-- What is being asked --
Find and copy each line of the records where the string "Blue" shows up.

-- Available records --

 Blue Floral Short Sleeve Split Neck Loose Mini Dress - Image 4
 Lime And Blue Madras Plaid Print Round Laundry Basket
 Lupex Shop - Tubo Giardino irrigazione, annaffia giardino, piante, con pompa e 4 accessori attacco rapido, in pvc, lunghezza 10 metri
==
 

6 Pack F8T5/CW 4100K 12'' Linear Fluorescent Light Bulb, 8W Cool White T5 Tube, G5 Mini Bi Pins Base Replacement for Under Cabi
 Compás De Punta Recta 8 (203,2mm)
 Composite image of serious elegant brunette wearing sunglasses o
==
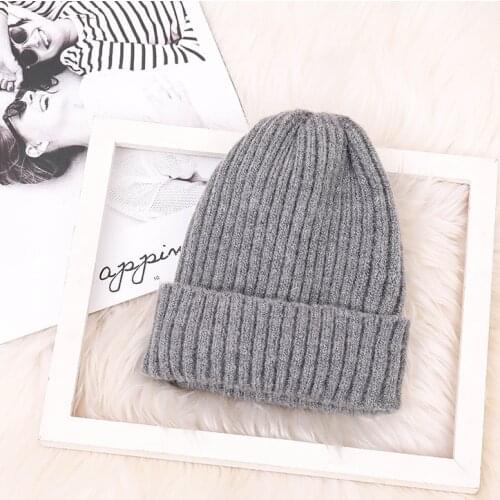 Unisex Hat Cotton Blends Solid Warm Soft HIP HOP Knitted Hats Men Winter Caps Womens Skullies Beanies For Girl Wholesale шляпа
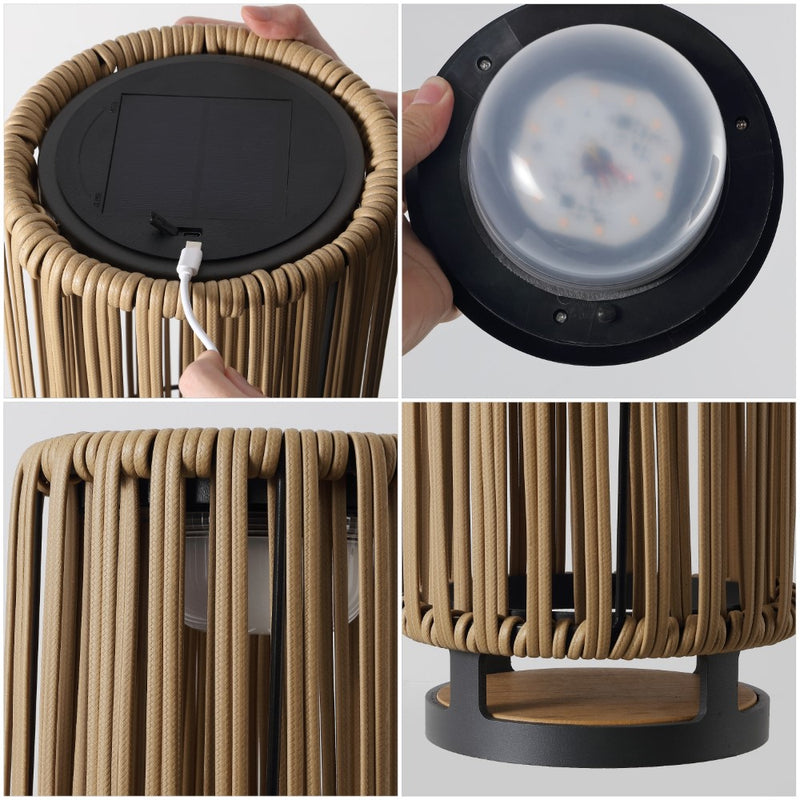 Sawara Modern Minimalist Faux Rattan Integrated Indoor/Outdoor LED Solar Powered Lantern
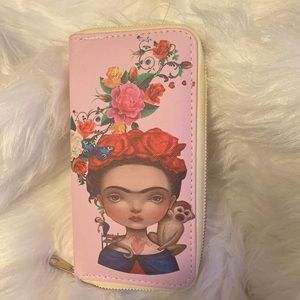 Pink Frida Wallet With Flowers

-- Output --
 Blue Floral Short Sleeve Split Neck Loose Mini Dress - Image 4
 Lime And Blue Madras Plaid Print Round Laundry Basket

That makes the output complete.